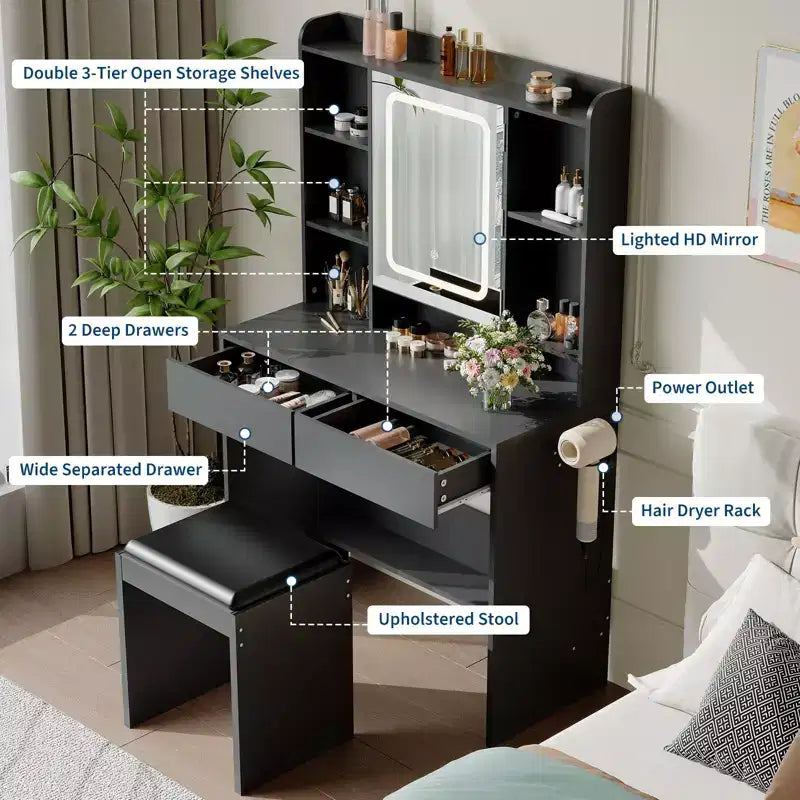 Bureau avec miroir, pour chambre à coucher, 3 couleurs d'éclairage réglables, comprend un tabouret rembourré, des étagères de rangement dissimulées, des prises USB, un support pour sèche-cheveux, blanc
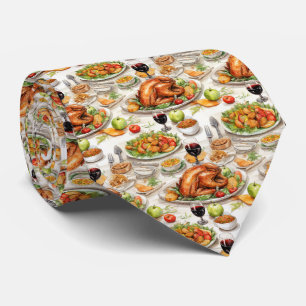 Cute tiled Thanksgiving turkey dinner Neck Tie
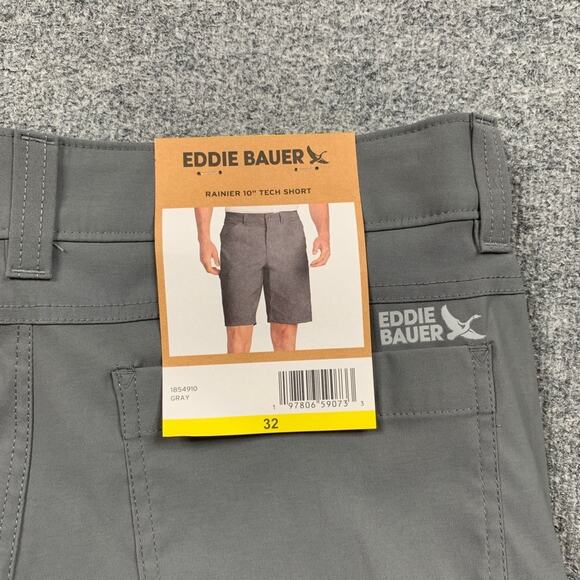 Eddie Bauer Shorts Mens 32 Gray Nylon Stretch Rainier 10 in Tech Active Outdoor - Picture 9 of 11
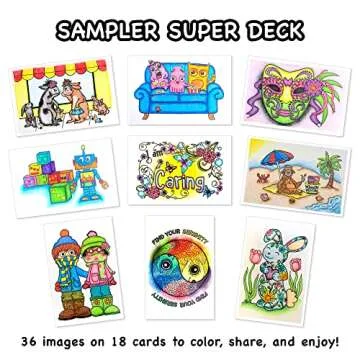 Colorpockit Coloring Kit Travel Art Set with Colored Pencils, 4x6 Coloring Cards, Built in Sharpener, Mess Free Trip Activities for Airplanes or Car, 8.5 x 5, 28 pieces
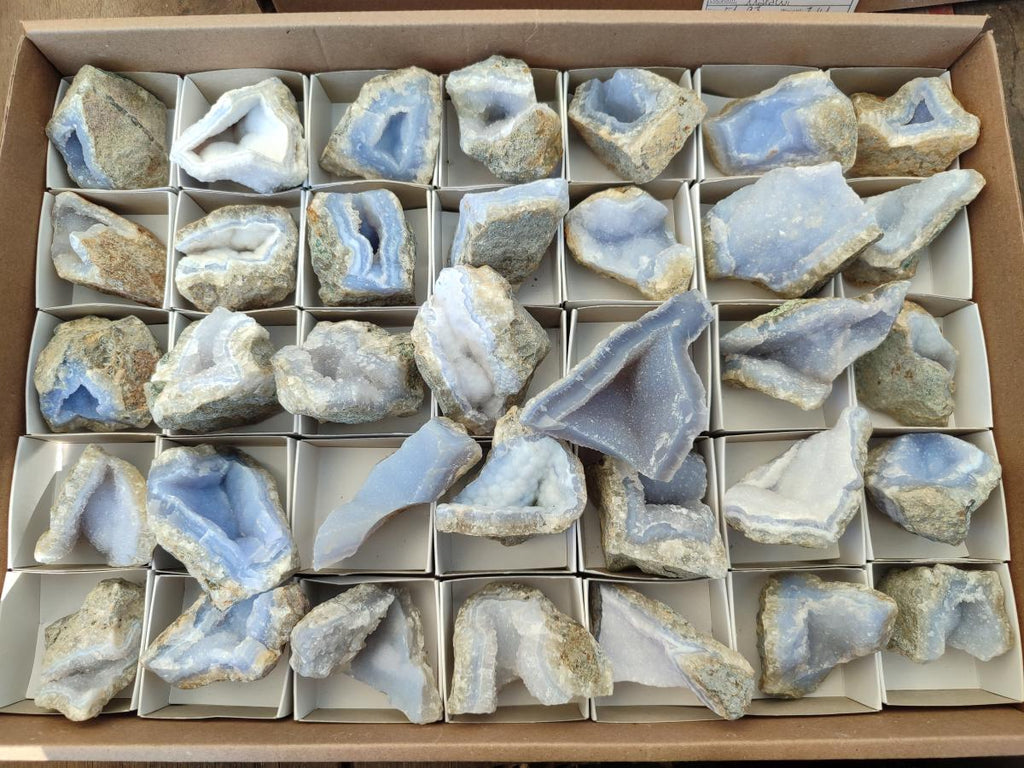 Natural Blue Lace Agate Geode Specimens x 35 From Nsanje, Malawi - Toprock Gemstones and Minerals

---

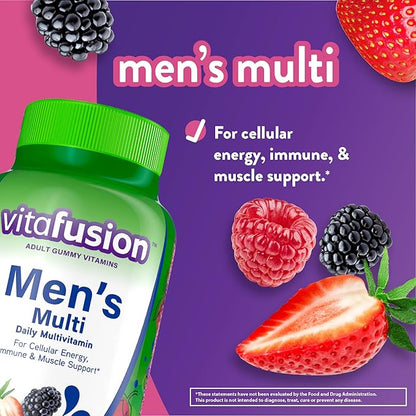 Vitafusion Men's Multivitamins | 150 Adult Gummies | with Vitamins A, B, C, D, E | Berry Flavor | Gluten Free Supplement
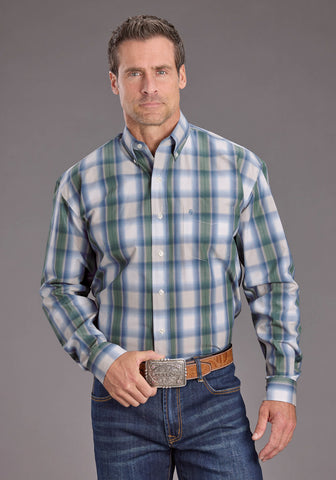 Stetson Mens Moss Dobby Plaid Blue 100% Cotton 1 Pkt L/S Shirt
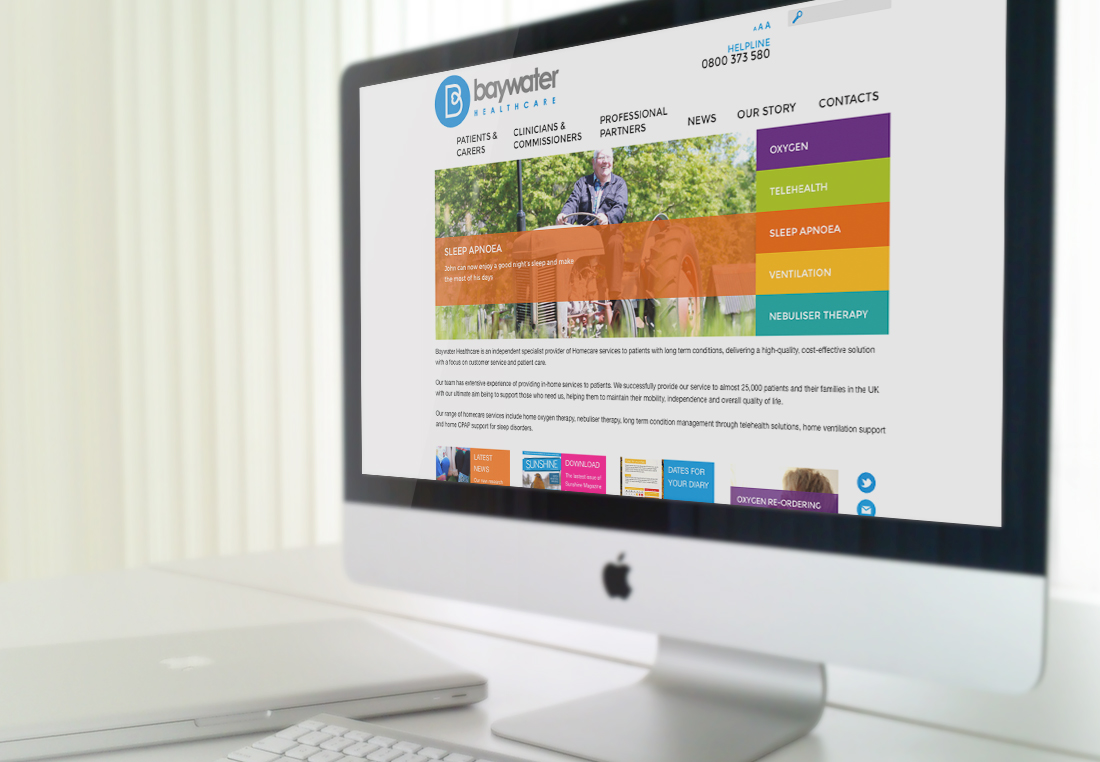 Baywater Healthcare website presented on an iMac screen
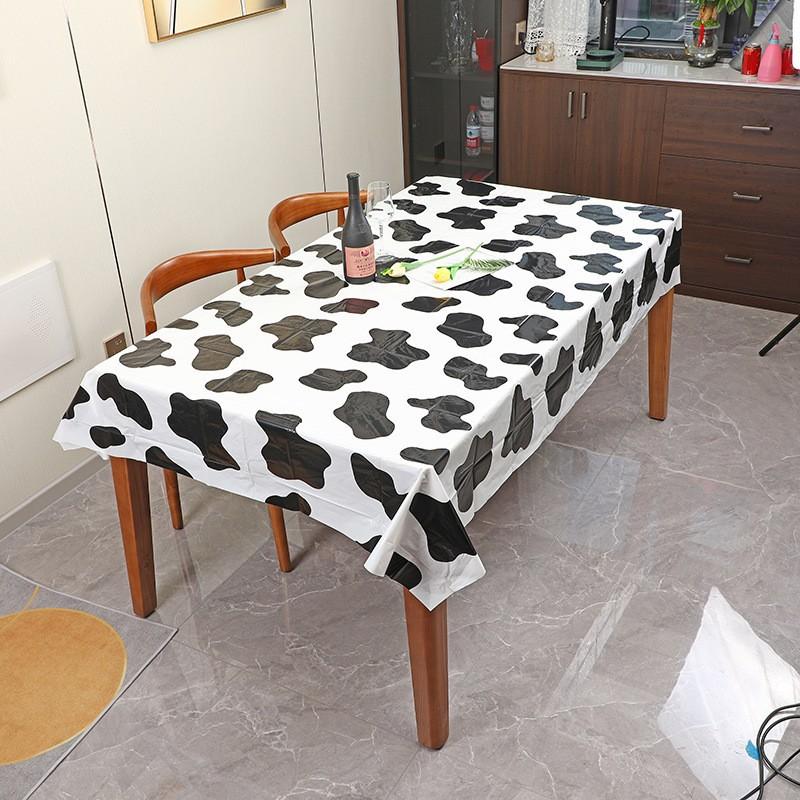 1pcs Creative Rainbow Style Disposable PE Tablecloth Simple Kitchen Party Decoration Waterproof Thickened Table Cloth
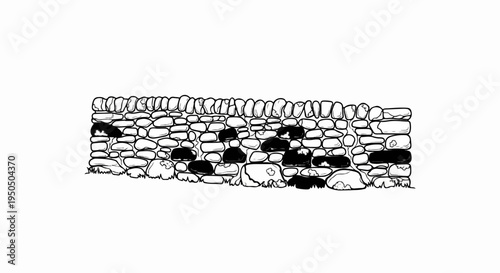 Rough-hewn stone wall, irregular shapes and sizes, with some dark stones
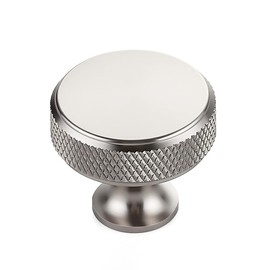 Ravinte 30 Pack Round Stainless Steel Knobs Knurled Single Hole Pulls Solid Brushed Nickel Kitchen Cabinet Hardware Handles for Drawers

--

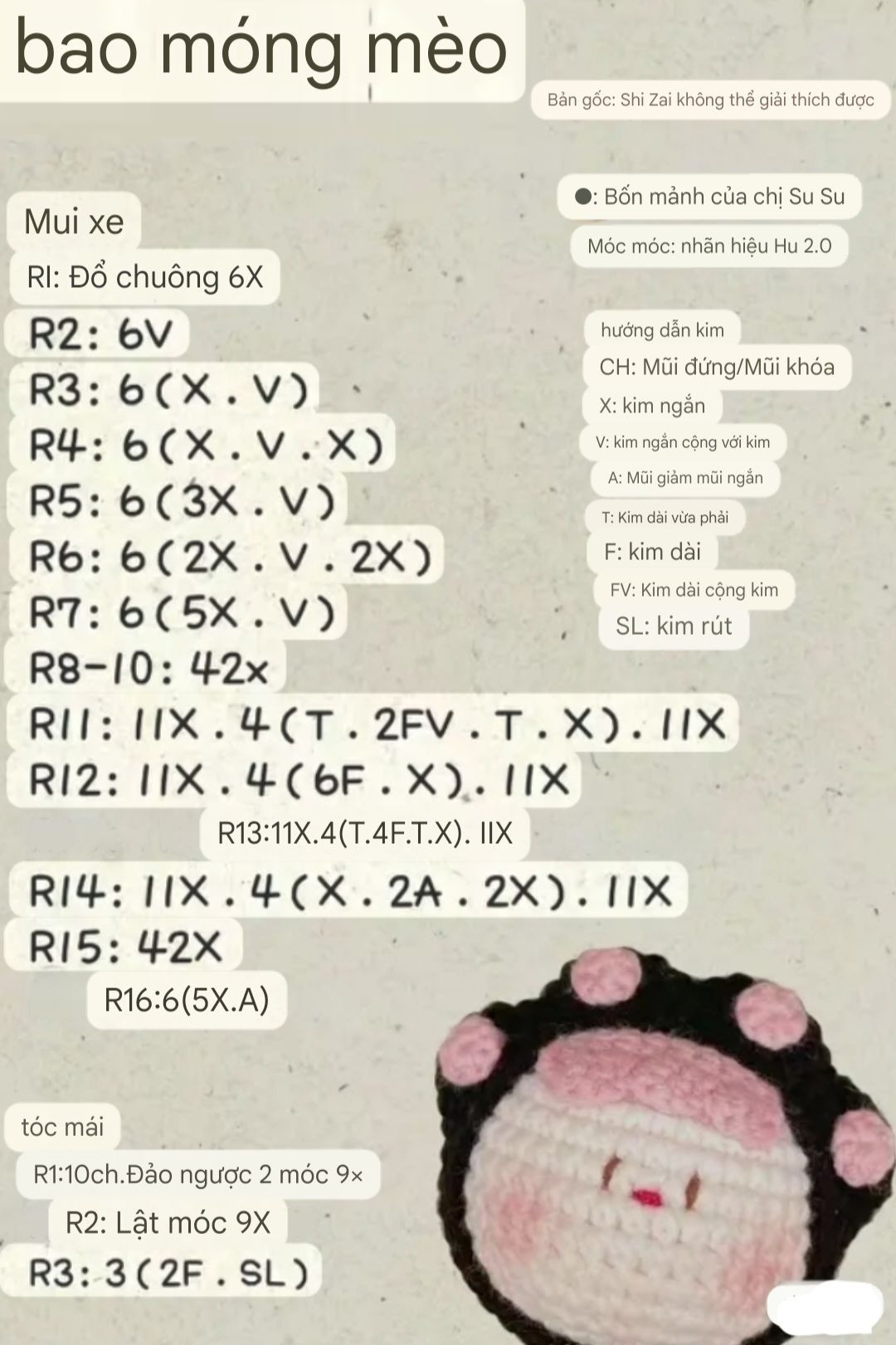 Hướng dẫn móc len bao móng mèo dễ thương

## Assigned task
The answer is the lines of the material above, from the one containing "Colorpockit Coloring Kit" down to the one containing "Natural Blue Lace", given exactly and without images.

## Answer to the problem
 Colorpockit Coloring Kit Travel Art Set with Colored Pencils, 4x6 Coloring Cards, Built in Sharpener, Mess Free Trip Activities for Airplanes or Car, 8.5 x 5, 28 pieces
 Natural Blue Lace Agate Geode Specimens x 35 From Nsanje, Malawi - Toprock Gemstones and Minerals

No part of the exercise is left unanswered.